Para que haja doação de órgãos, no Brasil, é necessária a constatação de morte encefálica, que é algo bastante sedimentado na literatura médica. A morte do cérebro faz com que a pessoa pare de respirar. Ausência de respiração provoca parada cardíaca. O coração segue batendo mais um tem­po mas, aos poucos, há a falência. “A necrose vai se instalando na medida em que a circulação não chega mais”.

A estatística médica aponta que a morte en­cefálica ocorre em 60 de cada um milhão de ha­bitantes. No Rio Grande do Sul esta estatística é comprovada pois, em 2013, foram 579 notificações por morte encefálica em um território com cerca de 10 milhões de habitantes. “Isto significa 32,5% do total. Não é um índice ruim, estamos entre os melhores do país, mas podemos melhorar muito. Há países que chegam a 60 ou 70% das doações”. Rosana informa que, em 2014, os níveis de doações caíram bastante. Ela ainda não pode dizer ao cer­to porque isto ocorreu, mas acredita que eventos como a Copa do Mundo e as ondas de calor podem ter interferido no processo. “O que posso afirmar é que nossa equipe segue seu trabalho obstinado pela captura”.

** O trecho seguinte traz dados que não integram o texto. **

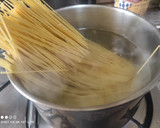 Foto del paso 1 de la receta: Espaguetis con butifarra y pimientos en 23 minutos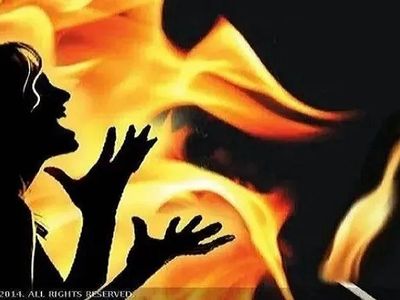woman set on fire woman set on fire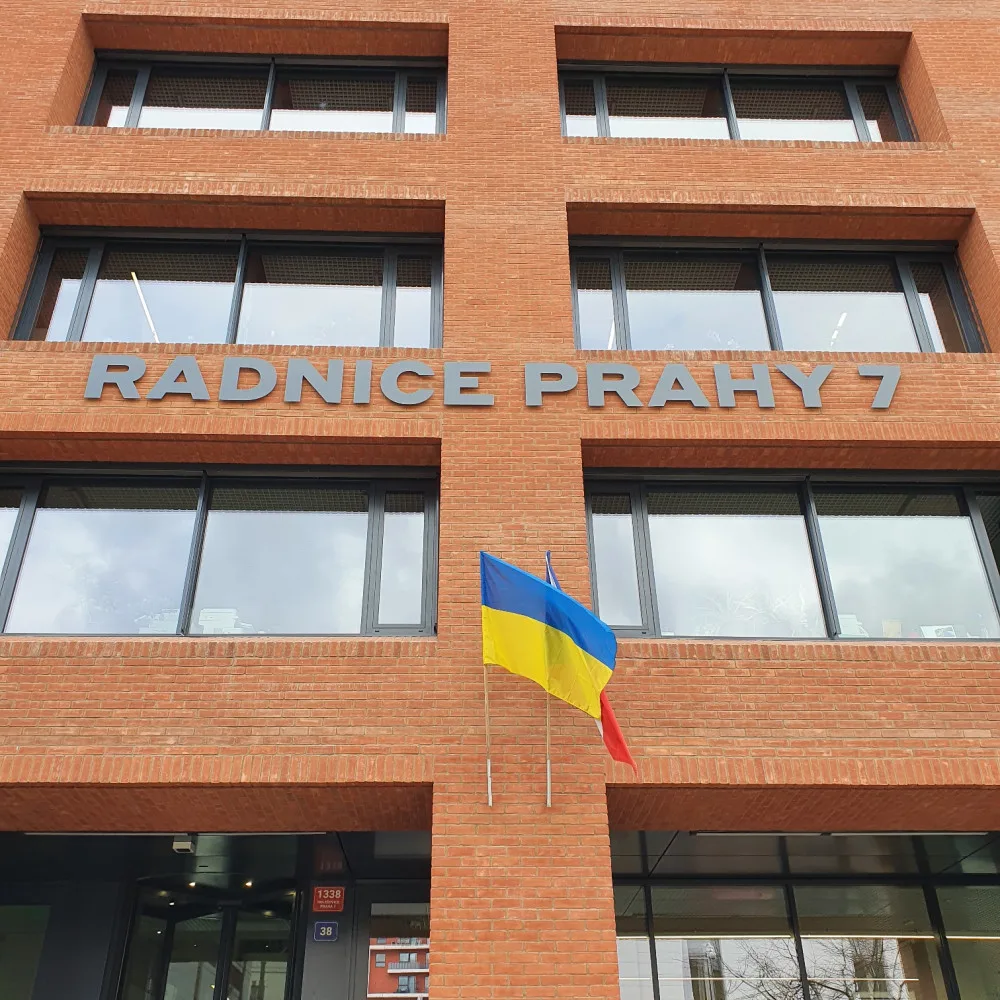Podívejte se, které městské části vyvěsily ukrajinskou vlajku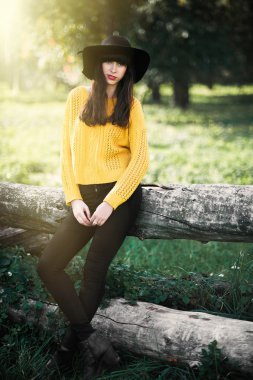 Bir brunnete mutlu ve gülümseyen kız portresi 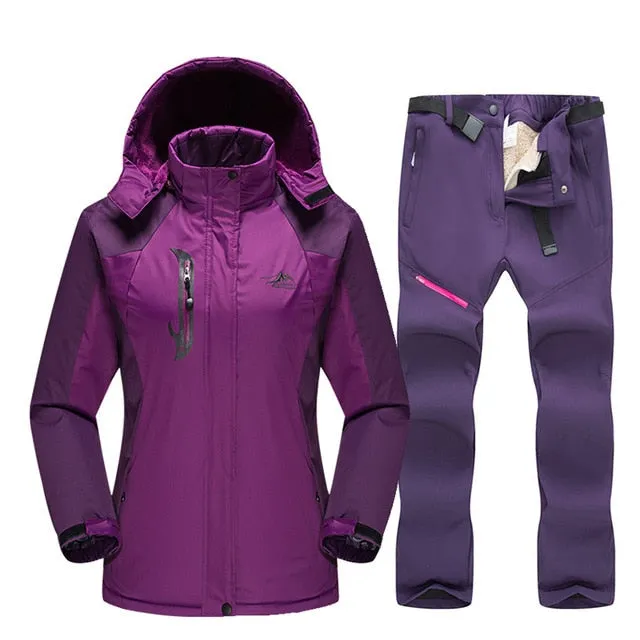 Warm Winter Ski Snowboard Jacket and Pants - Women's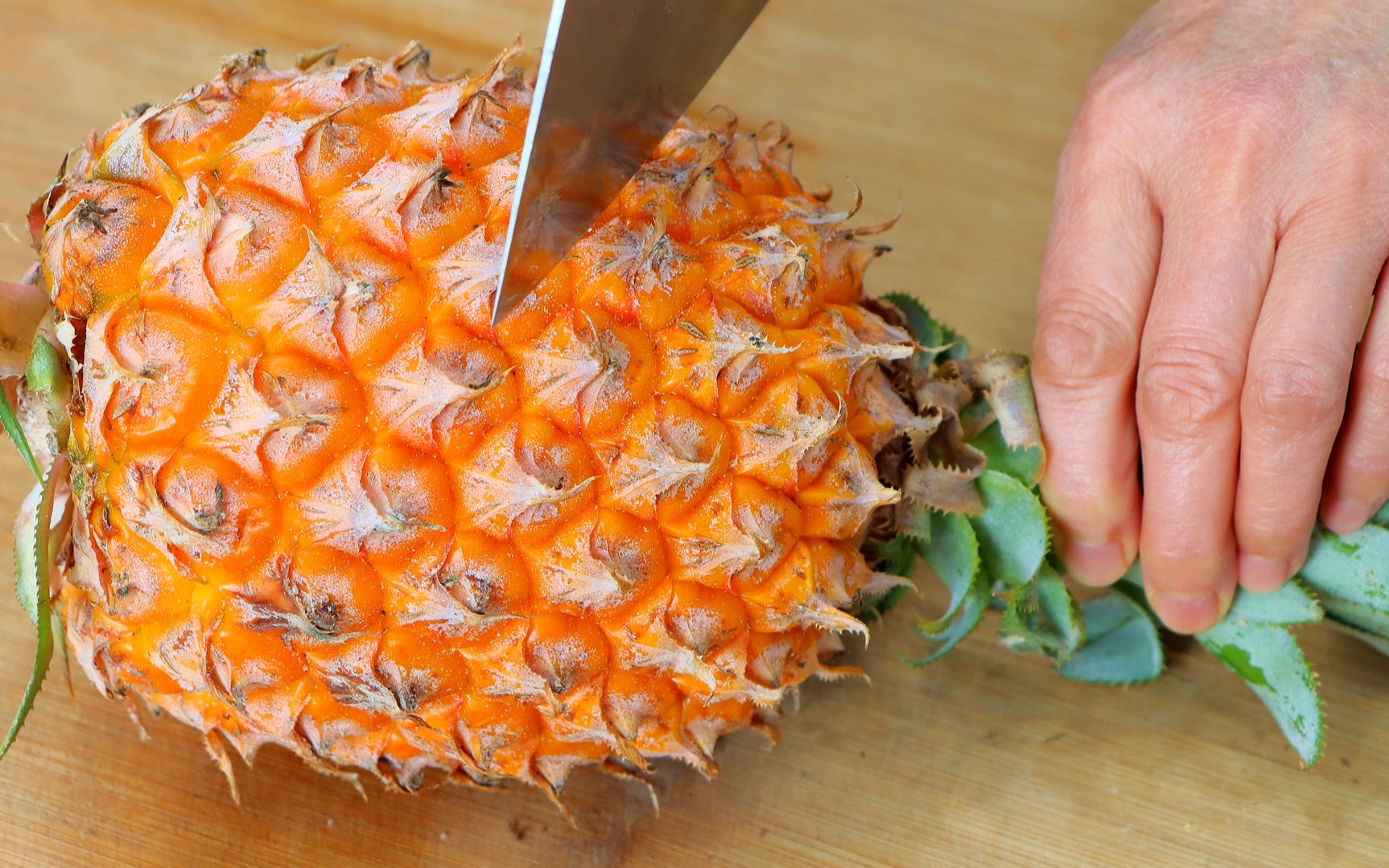 吃菠萝只服这3种切法,不削皮不挖眼,省时又省力,也不脏手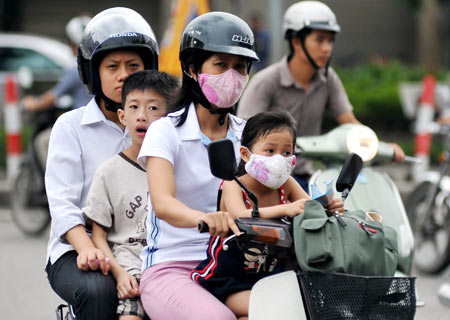 Trẻ em đội mũ bảo hiểm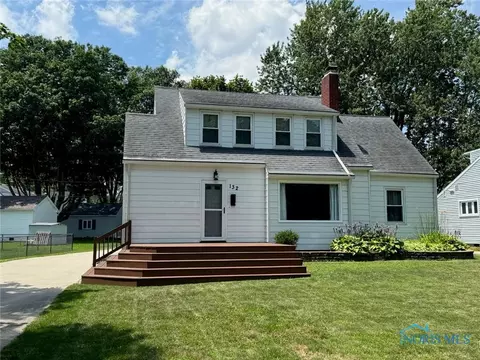 132 Barder Pkwy, Bryan, OH 43506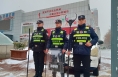 冰雪映初心 巡防守平安——韩城公安巡特警加强雨雪天气巡逻防控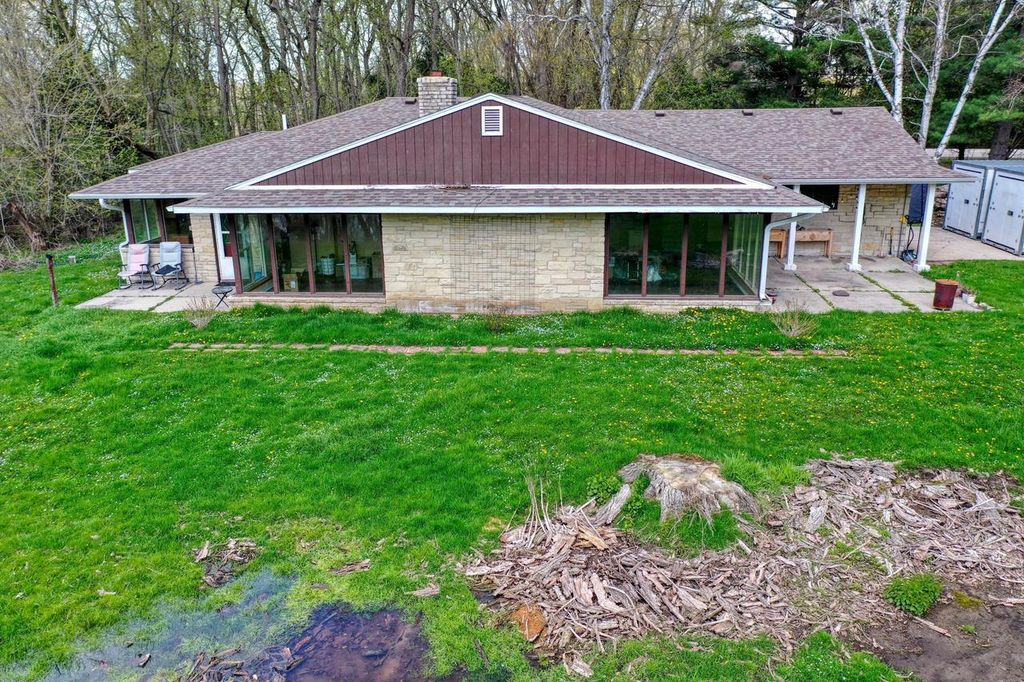 12125 Western AVENUE, Cedarburg, WI 53012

Em 2013, havia 2 mil pessoas na lista de espera por um órgão e foram computados apenas 200 do­adores. Para a médica, o principal empecilho para se chegar a níveis mais altos de doações é a recu­sa das famílias E o motivo é cultural. “As pessoas falam muito pouco da morte, é como se ela não existisse. Para viver mais feliz é necessário que se confronte, que se perceba que a vida é finita, que vamos perder quem amamos, que a morte é o fim de um processo”.

E ela faz questão de lembrar que a morte ence­fálica é um dos diagnósticos mais bem estabelecidos da Medicina. “A Universidade de Harvard, uma das mais conceituadas do mundo, publicou uma diretriz sobre o assunto, quer dizer, são quase 50 anos de vigência deste conceito”. Esta diretriz aponta que a morte encefálica é irreversível, o desgaste dos ór­gãos é só uma questão de tempo.

Morte encefálica é uma forma muito rara de morrer. Em torno de 2% a 4% ocorrem em ambien­tes hospitalares, que é onde o provável doador esta­rá. Para diagnosticá-la são feitos dois exames clíni­cos mais um exame de imagem ou ainda um exame funcional do cérebro. Pelo menos três médicos es­tarão envolvidos neste processo. “Nunca se certifica a morte encefálica antes de 6 horas e é muito clara, tecnicamente, a diferença entre ela e o coma. Tudo é certificado e assinado.

A médica faz um lembrete: a vida atribulada que se leva hoje, com o crescimento de casos de obesidade, poluição, diabetes, má alimentação/nu­trição, sedentarismo… é mais provável que estejamos dentro da lista para transplantes do que fora dela. O problema pode estar mais perto do que se pensa.